In a nutshell, I wanted to discover how many of my problems in life (lack of productivity, constant distraction, a sense running as fast as I could just to keep up) were the internet’s fault, and how many of those problems were just my own inherent faults.
Spoiler: it was mostly just me.
But if you’ve been following all the recent Facebook drama or you can’t stand the culture of Twitter discourse or you feel like the Instagram algorithm is harmful to your well-being and you’ve decided that you need to make a statement by quitting something, I might be able to offer some advice.
Boredom
You’re standing in line. You’re sitting down to poop. You’re waiting for the train. You just woke up. You’re about to go to sleep. You’re waiting for a commercial break to finish. It’s not even a commercial break; you just got antsy. You’re bored during a conversation. You’re not bored during a conversation; you just wanted to check something real quick.
You pull out your phone for whatever reason.
What app do you open? And why?
The first question is easy: for me, personally, it’s Twitter. For many other people, it’s Instagram or Facebook.
But the “why” question is harder to answer. There’s a great Why’d You Push That Button? episode that explores how app developers try to create a reward loop to incentivize you to keep checking back. For instance, I check Twitter because someone might’ve read one of my articles and liked it. Or, at the very least, someone might’ve liked one of my tweets or followed me or retweeted me. I’m searching for praise.
What’s messed up about it is I can check Twitter, see nothing new, put my phone in my pocket, and 15 seconds later, I’ll pull my phone out once more to look at Twitter again. It’s a little sick, to be honest.
So, let’s say Facebook is your app of choice. And I’m just going to assume you’re as hooked as I am. What are you going to do every 15 seconds with your thumbs if you quit?
I’m going to humbly suggest, based on personal experience, that you try boredom.
Boredom is a complicated thing. And most people are desperate to avoid it. It turns out that smartphones full of social network apps are a great antidote.
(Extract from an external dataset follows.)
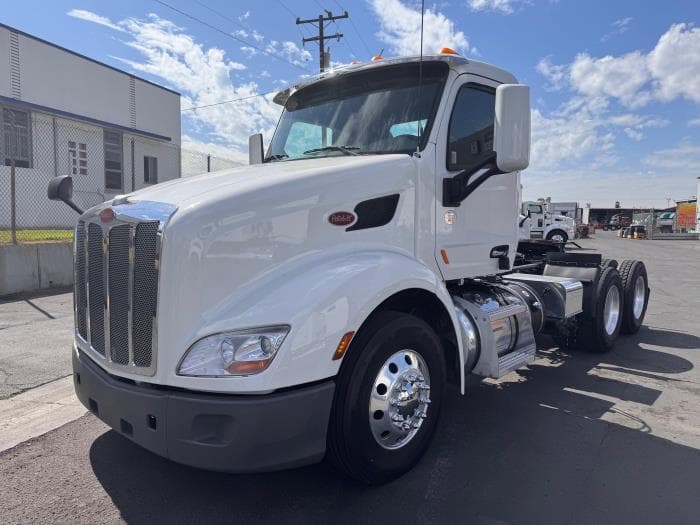 2021 Peterbilt 579 in Los Angeles, CA — photo 2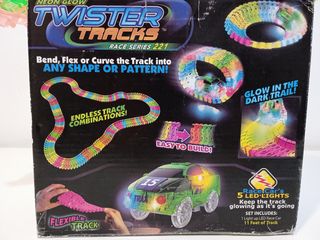 Pista de coches. Juguete niños.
But if you choose to replace your go-to app, whatever it may be, with nothing, you can push through the discomfort of boredom, and you might find something cool on the other side.
Boredom is a dissatisfaction with what you’re doing. If you allow yourself to be bored for just a little bit, you can use that free brain power to decide what you actually want to do. Like, what will make you feel good in the long run, instead of what will make you feel good for the next 15 seconds.
You can use boredom as an alert that you might be living life on auto-pilot, instead of doing what’s actually important to you.
Boredom was seriously one of the best parts of my year without the internet. I eventually discovered new ways to waste time and fill the boredom void, and that kind of ruined everything. But for a few glorious months back in 2012, boredom was my guide to getting shit done and living right.
Loneliness
Without Facebook, or your own social network of choice, it’s very easy to not only be lonely but to actually feel lonely.
The solution is simple: reach out to people. Ask people to meet up. Talk to people on the phone. Text more, and reply to text messages instead of ignoring them. Express concern and interest in other people’s lives with words instead of only Likes and faves and reaction emoji.
Problem solved!
Just kidding. I mean, I do believe that doing those things is the correct antidote to loneliness. But loneliness, both the subjective feeling and the objective reality, never seems that simple to solve.
When I was off the internet, I had some of my best interpersonal successes in life. People said I was “intense” to talk to because I was so undistracted. I got to know family members and some close friends better than I ever had.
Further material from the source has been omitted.